Exercise =>
Output, word for word, each line from the one with "Two pocket watches" through the end of the listing below, excluding every picture.

Input =>

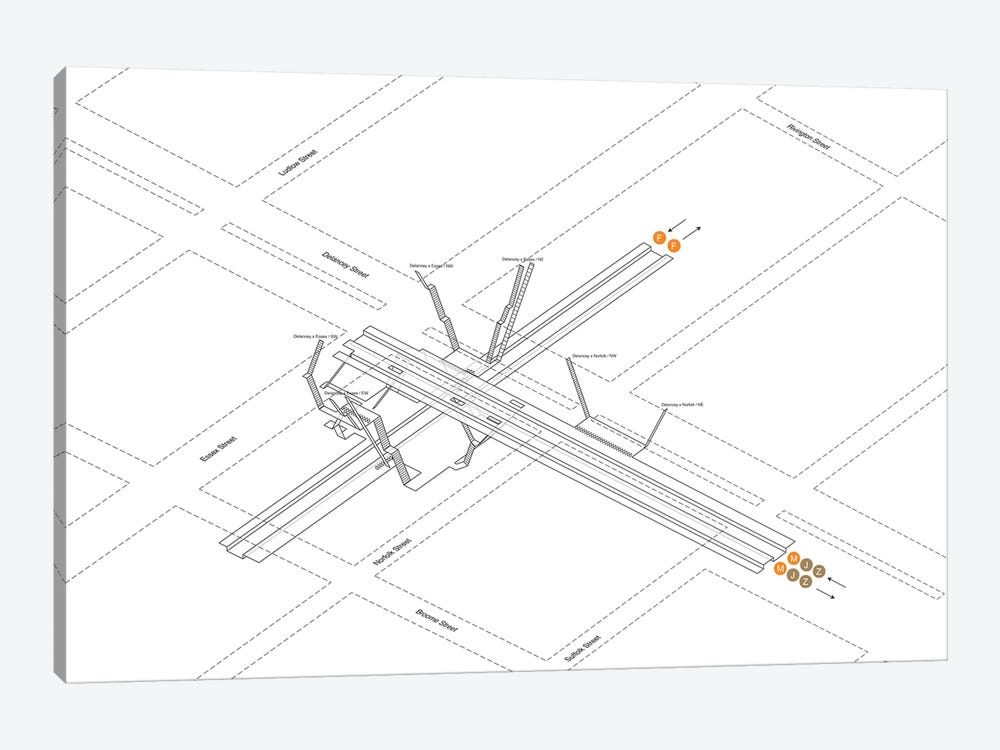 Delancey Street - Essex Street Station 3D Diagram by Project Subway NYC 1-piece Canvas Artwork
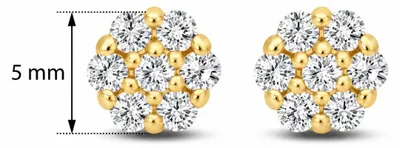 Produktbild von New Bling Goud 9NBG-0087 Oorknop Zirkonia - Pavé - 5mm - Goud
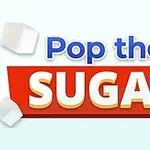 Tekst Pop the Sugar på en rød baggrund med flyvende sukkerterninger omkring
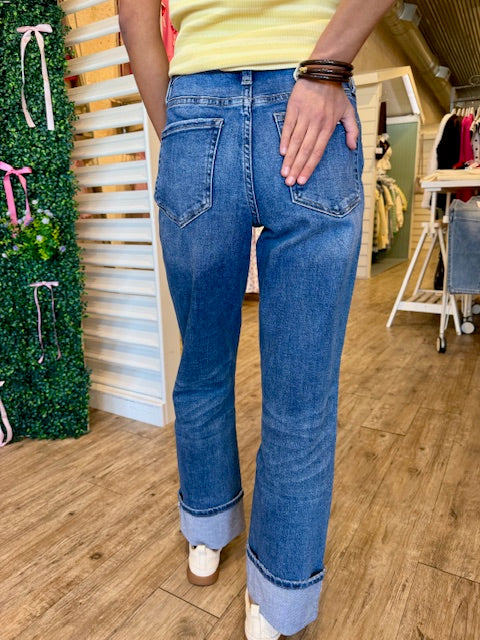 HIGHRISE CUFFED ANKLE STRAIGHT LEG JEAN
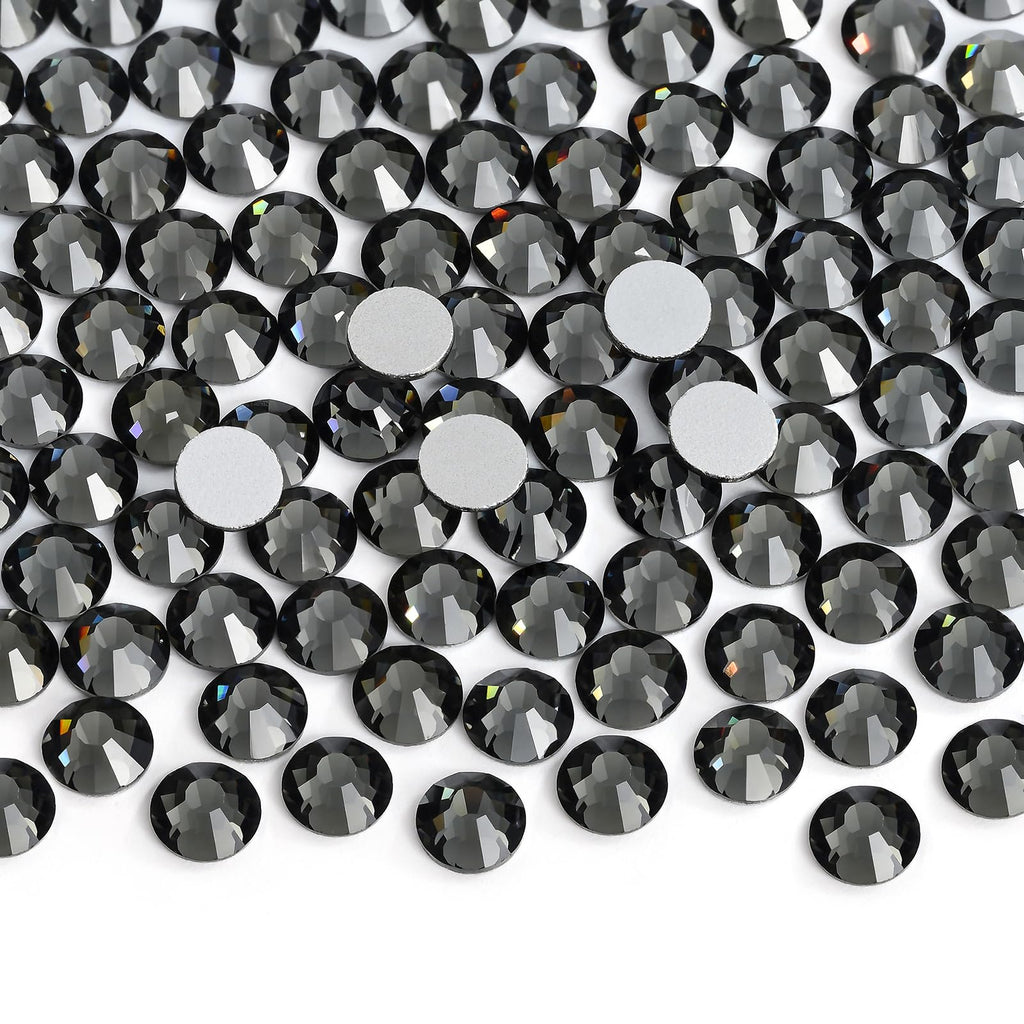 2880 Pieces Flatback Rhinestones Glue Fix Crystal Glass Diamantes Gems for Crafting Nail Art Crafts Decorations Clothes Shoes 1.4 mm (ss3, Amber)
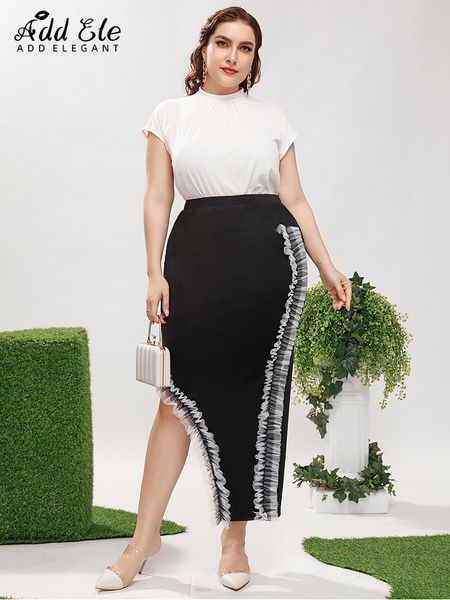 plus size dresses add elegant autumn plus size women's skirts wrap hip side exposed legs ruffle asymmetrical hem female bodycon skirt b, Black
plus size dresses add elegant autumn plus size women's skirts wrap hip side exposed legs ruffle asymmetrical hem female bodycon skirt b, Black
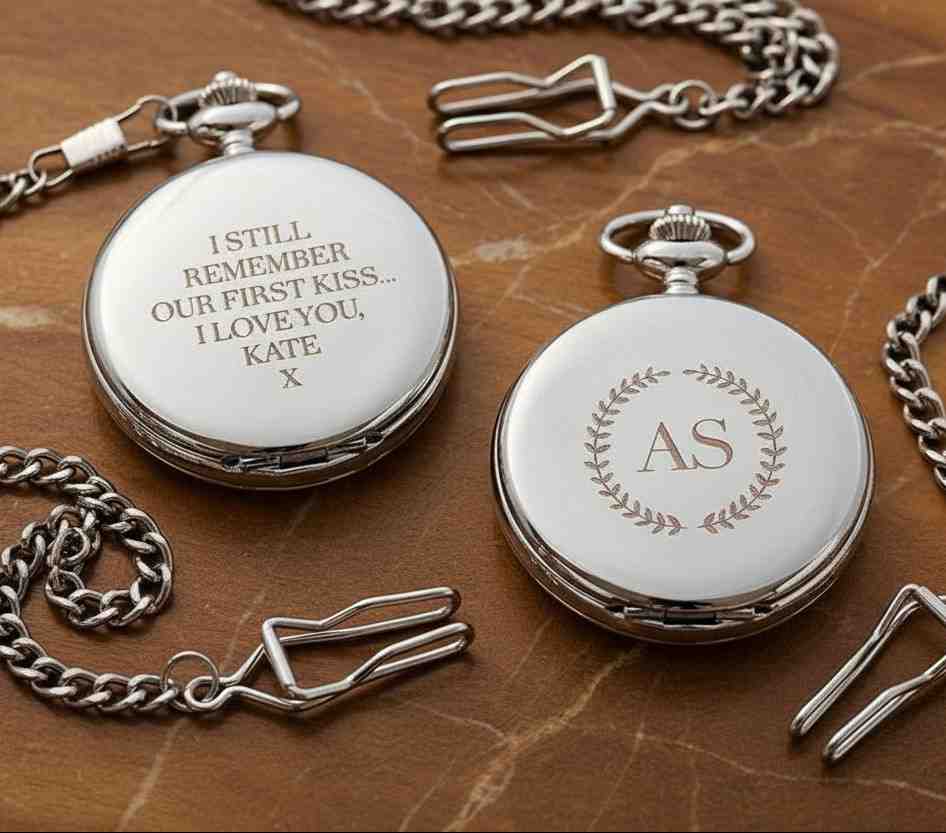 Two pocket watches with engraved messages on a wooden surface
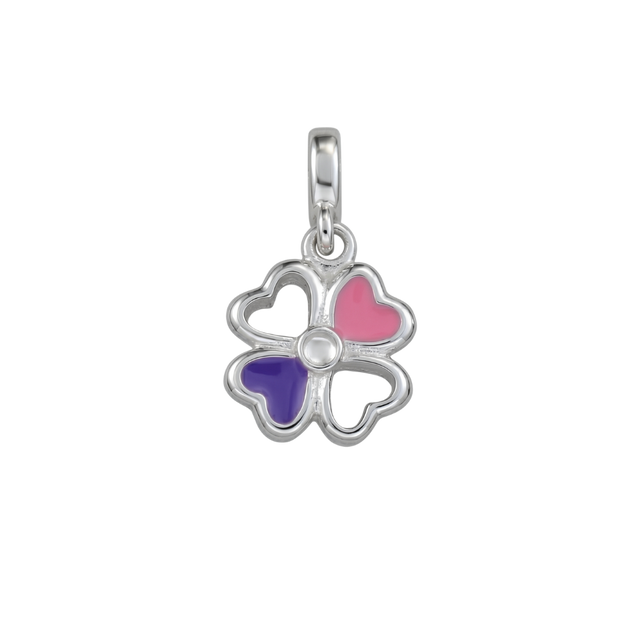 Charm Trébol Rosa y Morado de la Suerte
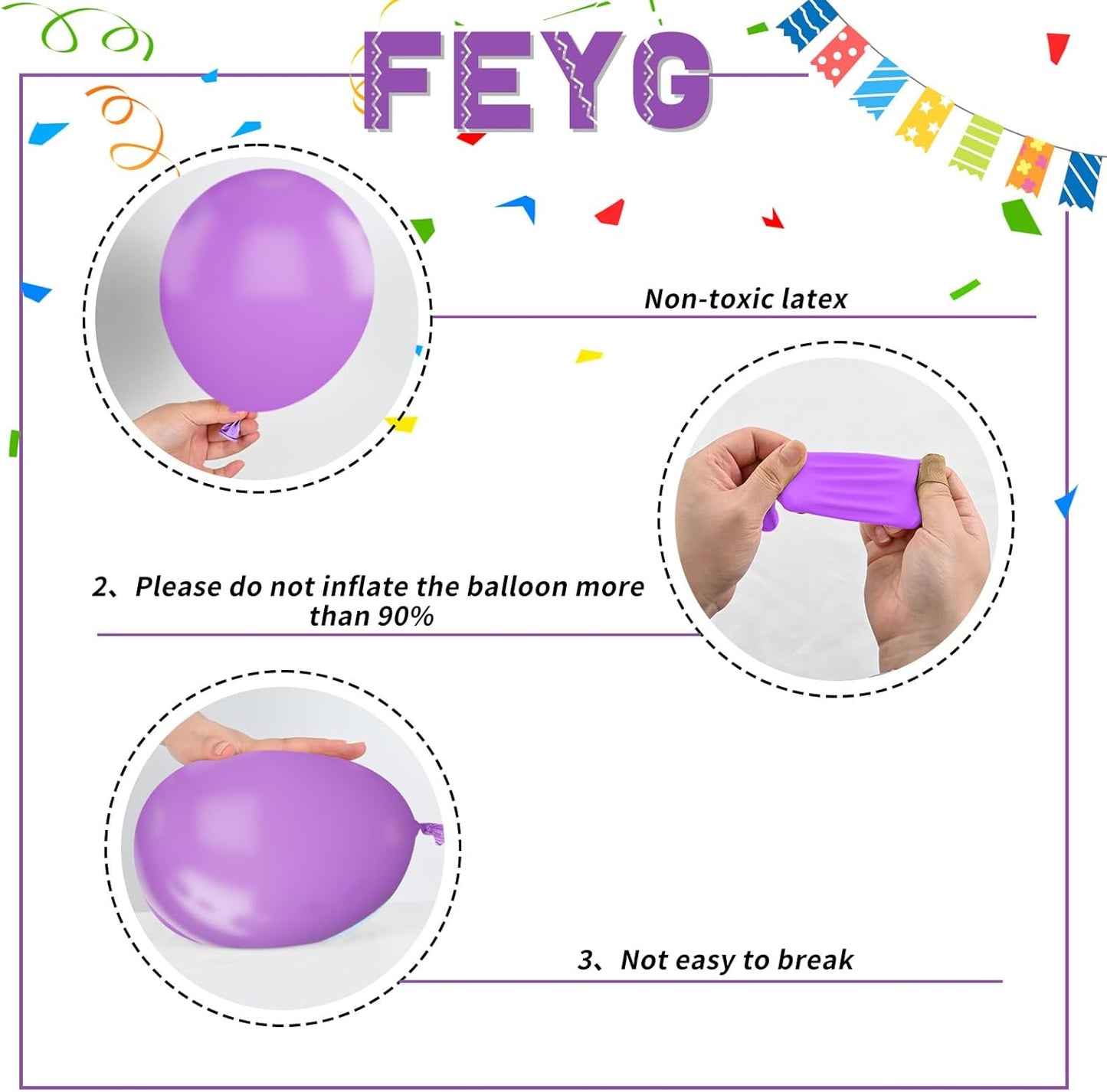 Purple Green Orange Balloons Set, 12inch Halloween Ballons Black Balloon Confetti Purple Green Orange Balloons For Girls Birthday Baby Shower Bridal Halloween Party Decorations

Exercise solution =>
 Two pocket watches with engraved messages on a wooden surface
 Charm Trébol Rosa y Morado de la Suerte
 Purple Green Orange Balloons Set, 12inch Halloween Ballons Black Balloon Confetti Purple Green Orange Balloons For Girls Birthday Baby Shower Bridal Halloween Party Decorations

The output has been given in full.